Bertrand Badie : C'est effectivement le signe d'un manque de légitimité de notre système international, mais pas seulement.
Comme je le suggérais tout à l'heure, c'est aussi une façon d'exister, de ne pas disparaître dans l'anonymat du cortège des 192 Etats, et c'est également une manière de gouverner sa propre société.
Dès lors, si une réforme positive du système international peut aider à décrisper cette contestation, il faudrait que cette réforme puisse aller bien au-delà d'une simple adaptation institutionnelle.
Bien sûr, un Conseil de sécurité réformé et élargi serait un signal fort et positif. Mais outre qu'une telle réforme paraît pour l'instant très improbable, elle n'aurait d'effet qu'à la surface du système tel que nous le connaissons aujourd'hui.
Le ressort de la diplomatie contestataire ne sera vraiment cassé que lorsque nous comprendrons enfin ce que veut dire "mondialisation", ce que signifie pour la première fois dans l'histoire de l'humanité la coexistence d'Etats si profondément inégaux dans leurs ressources, leur niveau de vie et la reconnaissance dont ils disposent.
Jamais dans l'histoire de tels fossés n'ont été officialisés comme aujourd'hui. On ne sait pas passer d'un système international fait d'un club d'ego à un système englobant une humanité tout entière dont les décalages matériels et symboliques qui les séparent sont si grands.
CM : La politique de la main tendue d'Obama est-elle encore crédible ?
Bertrand Badie : Elle sonnait juste car elle tentait de rectifier une politique étrangère qui, justement, était totalement ignorante de l'altérité. A ce titre, elle a été largement bien accueillie.
Mais le plus dur reste à faire : un an après le discours du Caire, le passage à l'acte devient indispensable pour maintenir la crédibilité des propos.
Du coup, un grand problème vient à apparaître : les politiques étrangères dominantes ont-elles les moyens pratiques de désamorcer les contestations, de les décourager et de les décrédibiliser ? La difficulté du président américain à dénoncer les récentes initiatives israéliennes montre que le chemin est particulièrement ardu.
Telenil : L'anti-américanisme se retrouve dans le discours de plusieurs des pays qui pratiquent la "diplomatie contestataire". Faut-il y voir une ligne commune, ou ces pays critiquent-ils séparément la première puissance mondiale, sans se rapprocher les uns des autres ?

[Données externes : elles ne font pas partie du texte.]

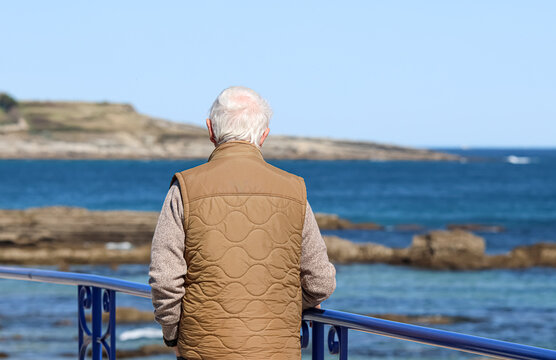 Old man with white hair walking by the sea. - Powered by Adobe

Bertrand Badie : L'antiaméricanisme est un ciment des diplomaties contestataires pour une raison évidente : la contestation est un discours qui s'adresse bien sûr au dominant.
Maintenant, il y a entre les antiaméricanismes des différences de substance : celui qui s'est établi au Moyen-Orient est très nettement dominé par l'alignement de Washington sur Tel-Aviv, tandis que celui qui s'est installé en Amérique latine est beaucoup plus diffus, renvoyant à une mémoire beaucoup plus vaste.
C'est probablement pour cela qu'il serait simpliste de postuler l'homogénéité des diplomaties contestataires et leur capacité de se confondre dans un même moule. Toutes les tentatives récentes ou plus anciennes de fusion ont abouti à l'échec.
La vraie crainte, que j'aimerais ne pas avoir, est qu'un dénominateur commun vienne à se constituer autour d'une répudiation globale d'un bloc occidental qui se reconstitue sur sa prétention hiérarchique.
A ce moment-là, la contestation se confondrait avec la volonté de dépasser une humiliation commune : le risque serait alors élevé que la diplomatie de contestation se transforme en conflit d'humiliation.